Em média, 43 “gatos” de energia elétrica foram flagrados por dia em 2019 no Paraná, de acordo com a Copel. No ano passado, houve o registro de 10.849 procedimentos irregulares realizados por consumidores, segundo a companhia.

A quantidade de energia desviada com as ligações irregulares, de 43,5 gigawatts-hora, seria suficiente para abastecer uma cidade de 25 mil habitantes por um ano inteiro, informou a Copel.

De acordo com a companhia, 80% dos casos flagrados são de fraudes na medição, o que configura o crime de estelionato. O restante são situações de ligação irregular de energia – passando fiação -, que, conforme a Copel, configuram-se como furto.

O crime de estelionato tem pena prevista de um a cinco anos, e o de furto prevê detenção de um a quatro anos, segundo o Código Penal Brasileiro.

A Copel informa que cobra o pagamento da energia desviada e de custos administrativos com base em uma resolução da Agência Nacional de Energia Elétrica (Aneel). Segundo a companhia, foram recuperados R$ 34 milhões em 2019 – com 40 equipes dedicadas às inspeções.

Custo e risco

O superintendente comercial da Copel Distribuição, João Acyr Bonat Junior, alerta que a prática pode prejudicar os consumidores que pagam sua conta de luz regulamente.

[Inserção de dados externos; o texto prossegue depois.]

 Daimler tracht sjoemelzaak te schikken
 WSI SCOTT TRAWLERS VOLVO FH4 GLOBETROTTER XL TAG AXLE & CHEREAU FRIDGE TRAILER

Isso porque, sem o trabalho de fiscalização, parte dos valores iria para a conta de luz daqueles que pagam em dia. Ele chama a atenção também para a segurança.

“As ligações irregulares trazem risco de choque elétrico para quem as executa, e ainda podem causar sobrecarga na rede, provocando variação de tensão, e até incêndios”, afirma.

Denúncias

Conforme a Copel, foram registradas no ano passado 5 mil denúncias, que direcionaram 10% das inspeções. As denúncias podem ser feitas pelo telefone 0800 51 00 116, selecionando o menu “outros serviços” e depois “informações comerciais”.